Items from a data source
------------------------------

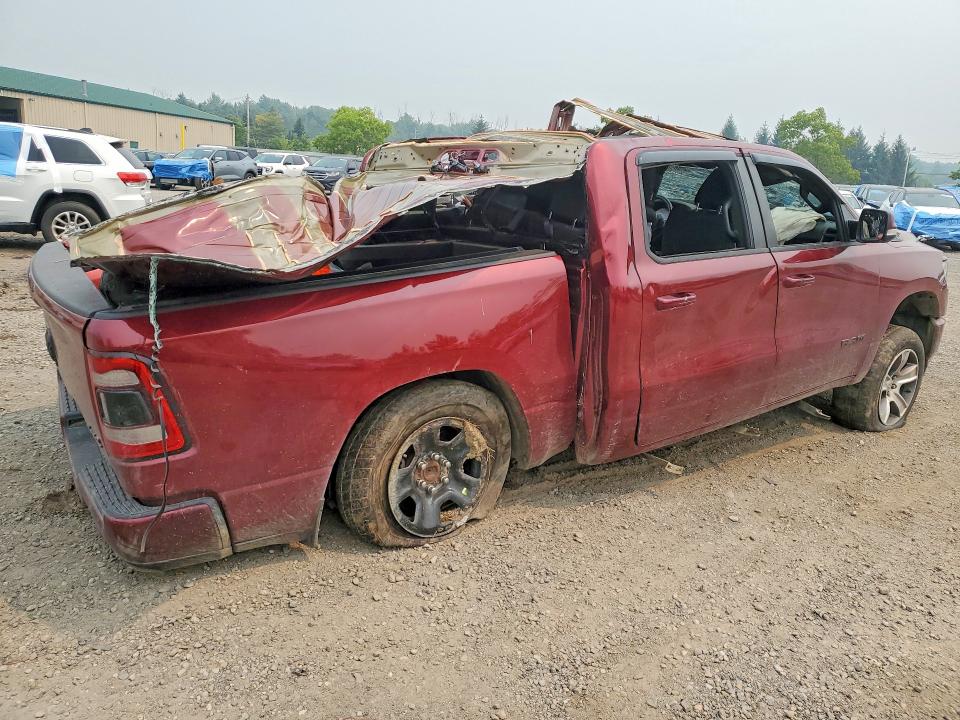 Aukcja sprzedaży 2020 Ram 1500, vin: 1C6SRFLT0LN319825, numer aukcji: 61671756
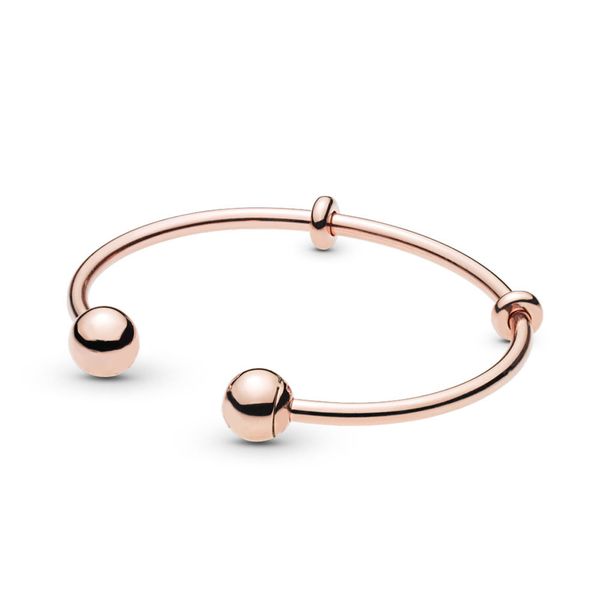 2019 new 100% 925 sterling silver 586477 rose open bangle charm original pandora jewelry set gift, Golden;silver
2019 new 100% 925 sterling silver 586477 rose open bangle charm original pandora jewelry set gift, Golden;silver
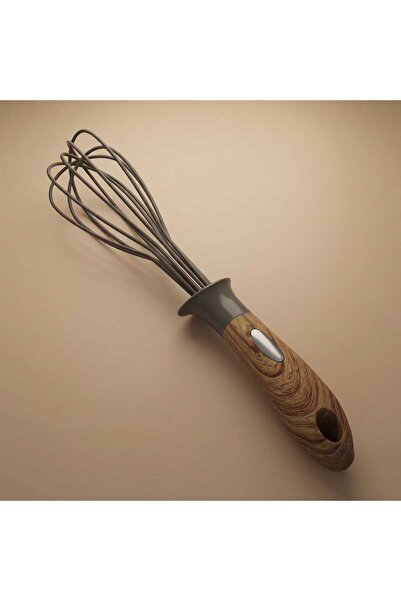 Alsaif Gallery Al Saif Gallery Silicone Egg Beater, 12.5 cm - Grey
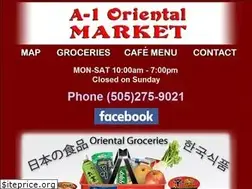 Sites similar to a1orientalmarket.com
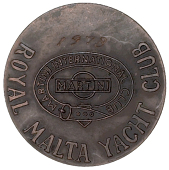 Malta, Royal Malta Yacht Club, bronze medals (2), for the Middle Sea Race, one for the Malta Tourist Board,...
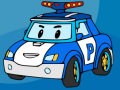 Spill Robocar Poli Coloring Book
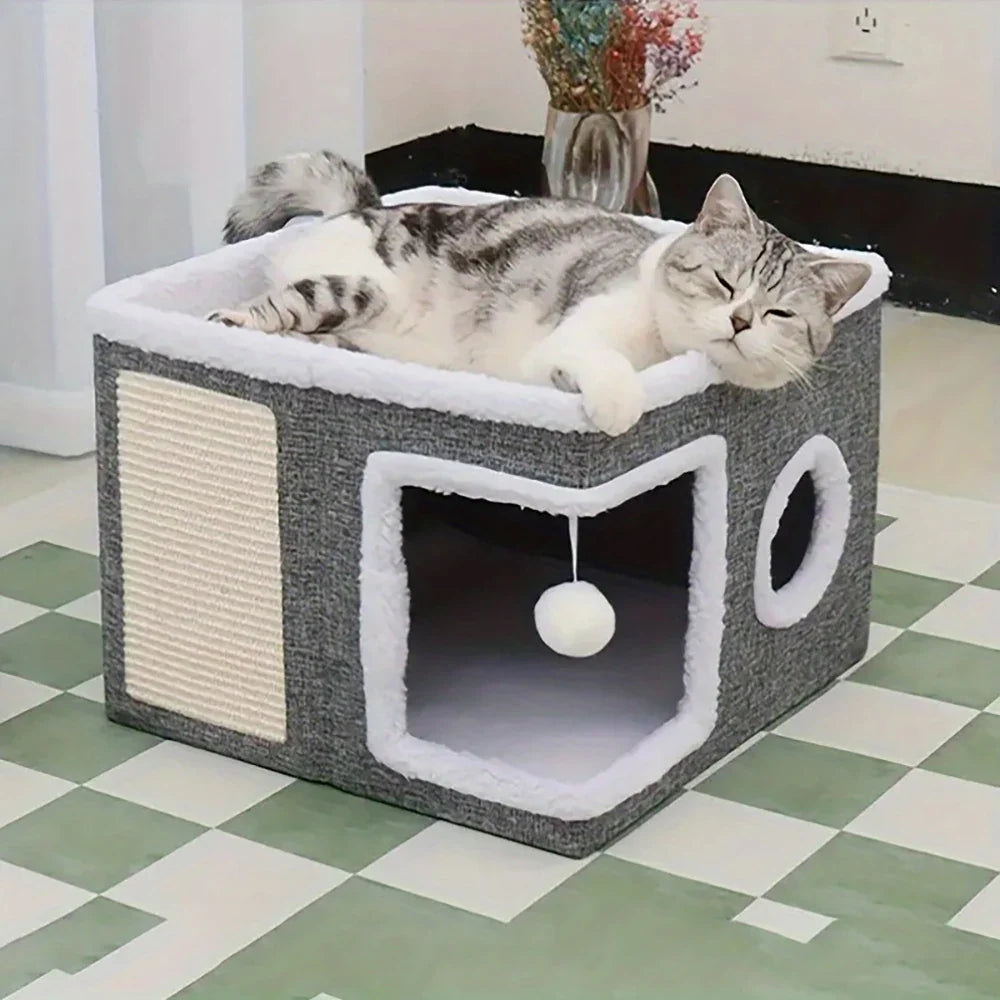 Action kattenmand met fleece – Goedkoop én warm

------------------------------

Take the line with "Sites similar to a1orientalmarket.com" and every line after it through the end of the data, and write only them out exactly, leaving out the pictures.

 Sites similar to a1orientalmarket.com
 Malta, Royal Malta Yacht Club, bronze medals (2), for the Middle Sea Race, one for the Malta Tourist Board,...
 Spill Robocar Poli Coloring Book
 Action kattenmand met fleece – Goedkoop én warm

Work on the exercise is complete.